_Dataset records_:
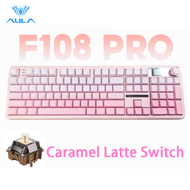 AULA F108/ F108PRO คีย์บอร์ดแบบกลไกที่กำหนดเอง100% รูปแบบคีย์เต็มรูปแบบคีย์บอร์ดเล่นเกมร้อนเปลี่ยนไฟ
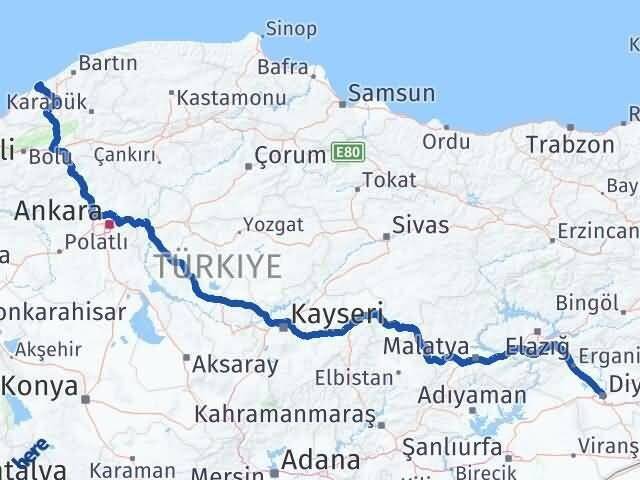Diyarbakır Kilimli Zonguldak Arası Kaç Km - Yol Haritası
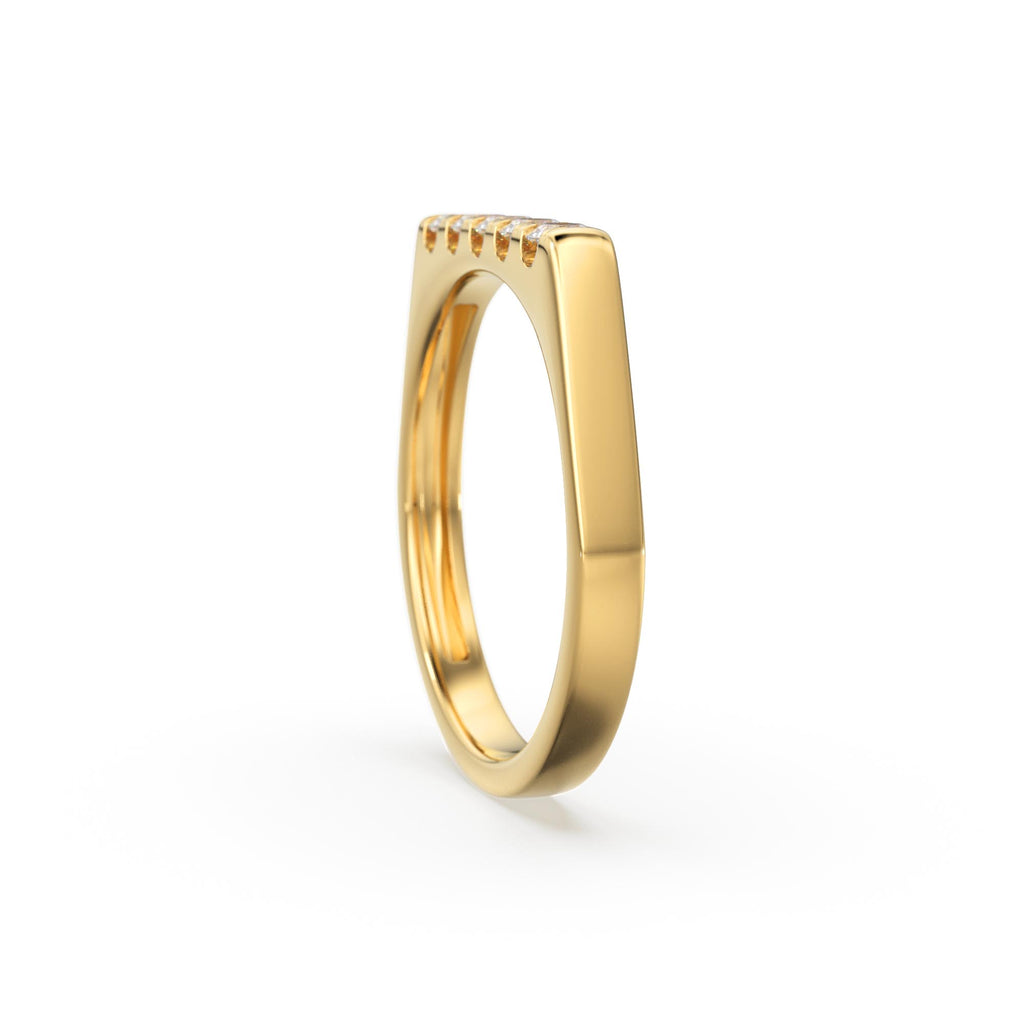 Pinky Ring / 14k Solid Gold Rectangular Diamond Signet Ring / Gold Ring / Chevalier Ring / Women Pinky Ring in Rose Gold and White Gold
==
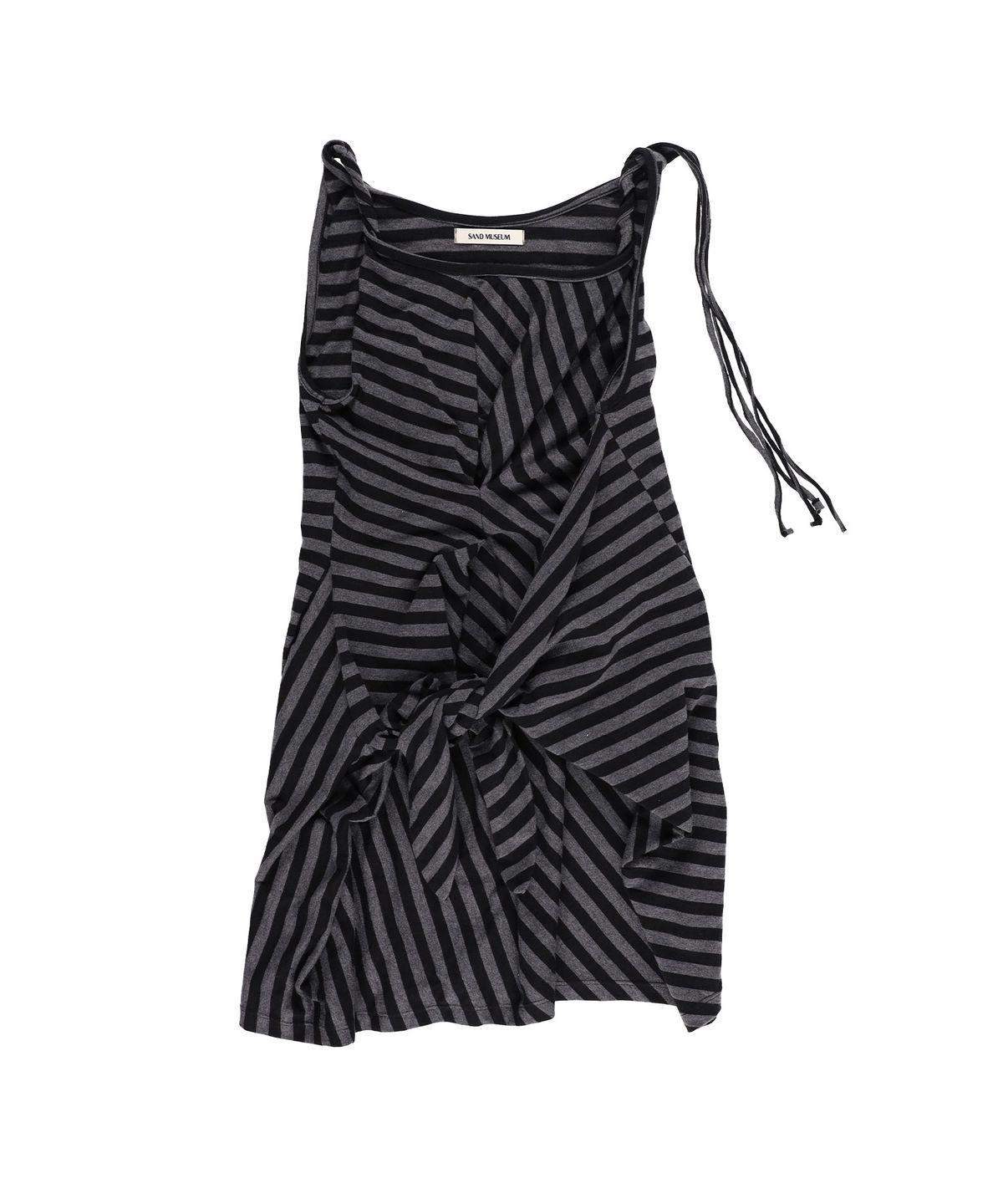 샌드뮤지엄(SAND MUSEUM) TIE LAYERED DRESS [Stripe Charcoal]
---
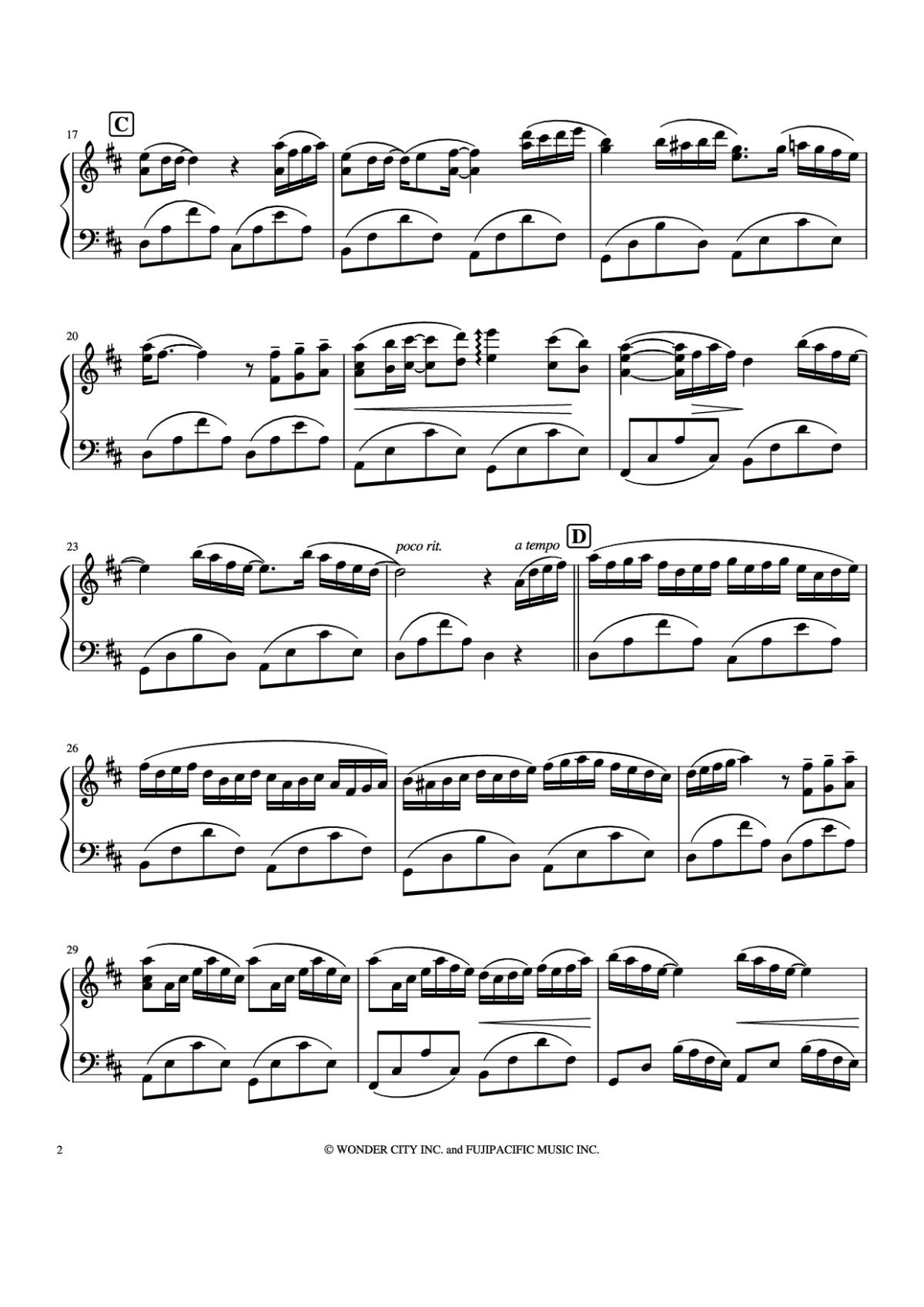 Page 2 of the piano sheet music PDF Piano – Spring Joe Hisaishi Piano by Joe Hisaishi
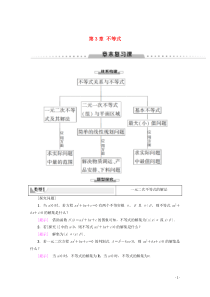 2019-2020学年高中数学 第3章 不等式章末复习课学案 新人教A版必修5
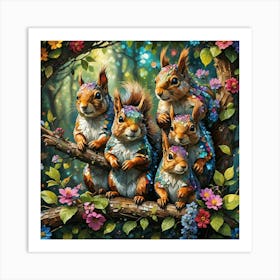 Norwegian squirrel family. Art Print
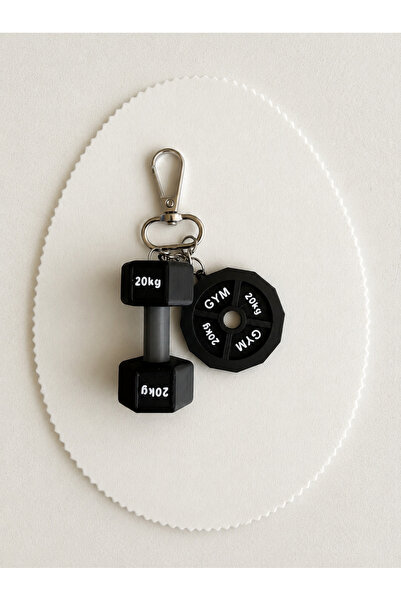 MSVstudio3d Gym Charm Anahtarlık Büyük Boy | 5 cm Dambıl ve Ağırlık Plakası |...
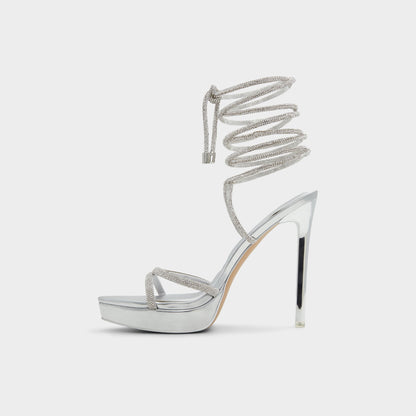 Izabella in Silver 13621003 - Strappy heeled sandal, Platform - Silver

_Work instructions_: In the material above, one part opens with the line containing "MSVstudio3d Gym Charm" and closes with the line containing "Izabella in Silver". Write out that part exactly and skip its pictures.

_Response to the task_:
 MSVstudio3d Gym Charm Anahtarlık Büyük Boy | 5 cm Dambıl ve Ağırlık Plakası |...
 Izabella in Silver 13621003 - Strappy heeled sandal, Platform - Silver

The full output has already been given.